This document was drafted by members of the task group to narrow the focus of work further. Their results were made public in September 2000. The group selected CF3I and HFC-125 for continued evaluation. Some remaining technologies do hold promise, however, economically, the gaseous systems still hold advantage.

View Options for Aircraft Engine Fire Protection, September, 2000.

"User Preferred Fire Extinguishing Agents for Engine and Auxiliary Power Compartments"

This document was written to direct the focus of this project regarding which agents ought be evaluated. The published work is a survey which was circulated amongst airline operators, powerplant, and air frame manufacturers to gather their feedback regarding the leading selections for halon replacement in this application.
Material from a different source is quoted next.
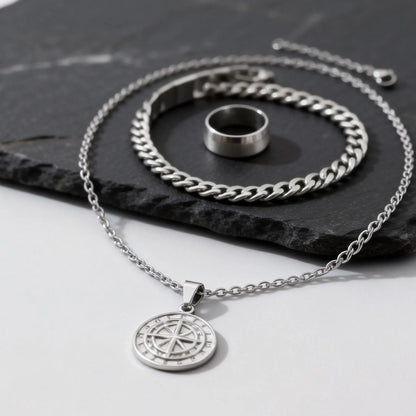 3pcs Classic Compass Necklace Set Gift for Men,Silver Gold Color Stainless Steel Bracelet Ring,Simple Jewelry Set
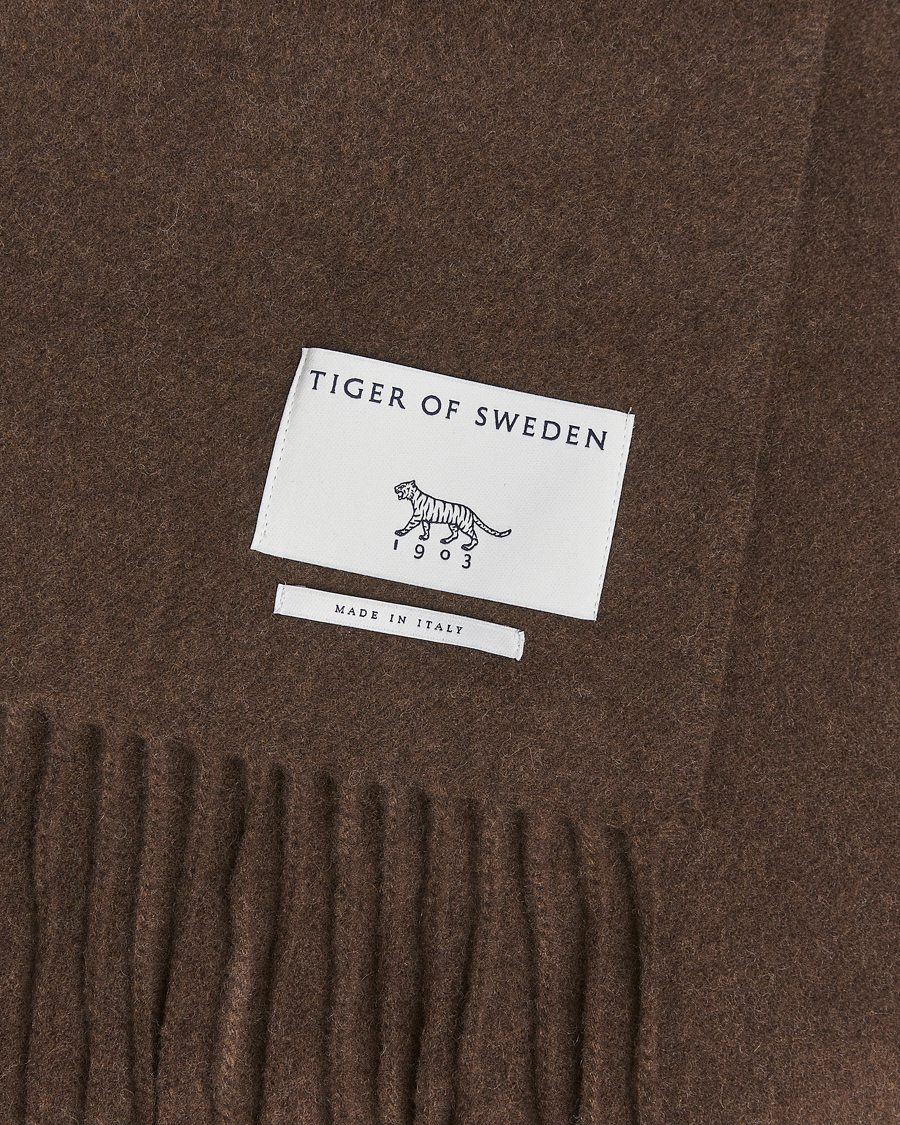 Men | Scarves | Tiger of Sweden | Sylan Wool Scarf Brown Olive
The conclusions resulted in (paraphrasing)...

  1. Work with compressible fluids, specifically, FIC-13I1 (CF3I), HFC-227ea (Great Lakes Chemical Corporation FM-200), and HFC-125 (DuPont FE-25), is of primary importance.
  2. Material compatibility with engine components must be better known.
  3. Gas generator technology is of interest; secondary to compressible fluids.
  4. Interest in water mist for this application received minor attention.
  5. Operation of these systems will not likely produce human exposure concerns regarding toxicological issues. However, concern during maintenance operations is voiced.

View User Preferred Fire Extinguishing Agents for Engine and Auxiliary Power Compartments, DOT/FAA/AR-96/80.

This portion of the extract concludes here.